Il quintetto di Dallas torna al country e al sound delle praterie, le parentesi di roots & whiskey contenute in
This Crazy Life restano superficie pura in
Eight The Hard Way, che è cosa ben diversa dall’essere appena abbozzate.
Nel senso che il vocalist Matt Hillyer sceglie di lavorare sulla superficie dei sentimenti, dei personaggi da barroom, delle connessioni tra cuori in fiamme, senza andare nelle profondità del roots con armonie più dolci, ma gli
Eleven Hundred Springs restano vincolati alle tradizioni degli honk tonker texani, il ritmo di
This Ain’t The First Time (But It’s The Worst Time) è pura festa per violini, steel in compagnia di una slide fumante, d’altronde si parla di divorzio, e tra promesse e delusioni, dalla romantica
For Better or Worse si passa alle vampate country dell’adorabile
Heartstrings a rivelare una concezione dell’amore fondata sui cliché relazionali a cui aspirano tutte le donne, quel bisogno di certezze per fissare il sentimento nel tempo (avete presente le visite all’Ikea?).
Splendida
Stuff You Can’t Refuse e
We Can Work This Out, se l’amore è il campo delle trasformazioni, il quadrato magico degli incroci, lo è anche per la steel di Burton Lee, il violino di Jordan W. Hendrix e il texas roots di un quintetto che sebbene esageri in
No Place Else To Go, e specialmente in
Nobody Loves You Like Me che può tradire un certo impaccio dolciastro, con
Eight The Hard Way restano legati comunque, direttamente o indirettamente, al Texas.
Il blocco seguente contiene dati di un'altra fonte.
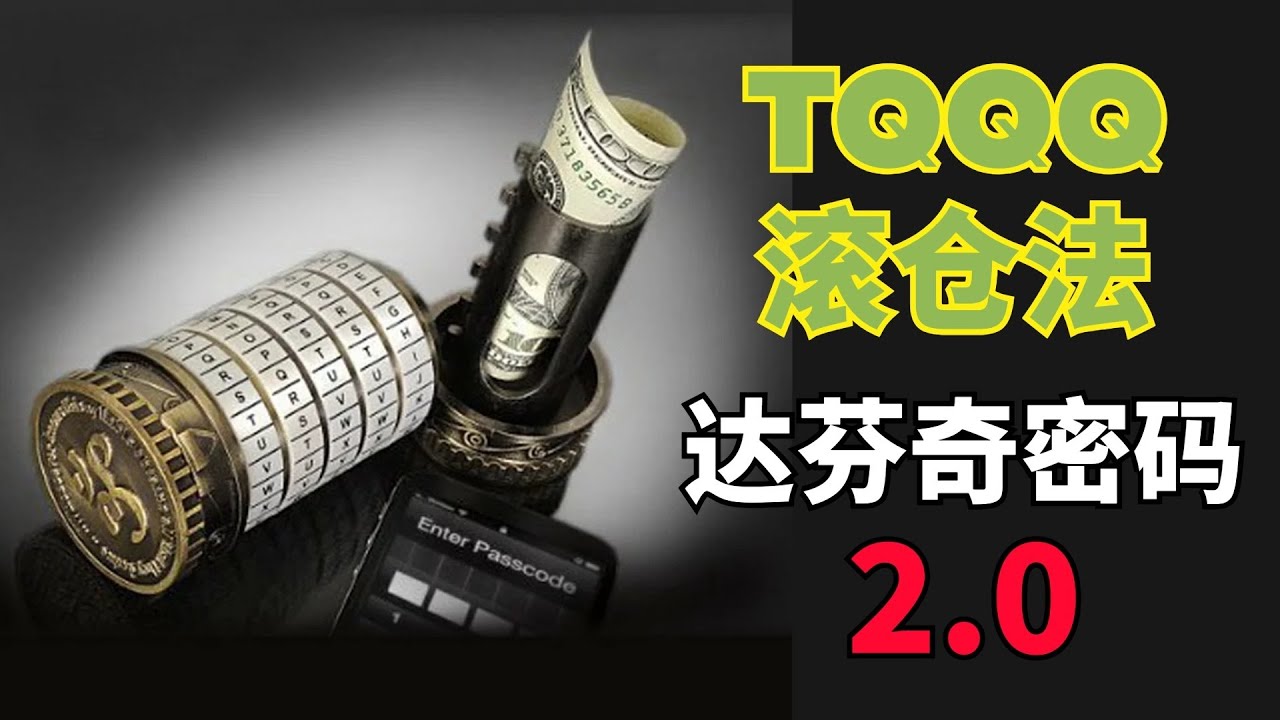 TQQQ滚仓法：达芬奇密码2.0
Profondamente influenzato da un country genuino, dove si specchiano un romanticismo malinconico,
Not What I Thought You Would Say, con vista alle dance halls in
Hardcore Honkytonk e nella spiritata chiusura alcolica di
We’re From Texas. Fedele ritratto degli
Eleven Hundred Springs.
Altro che romanticismo, altro che sentimentalismo!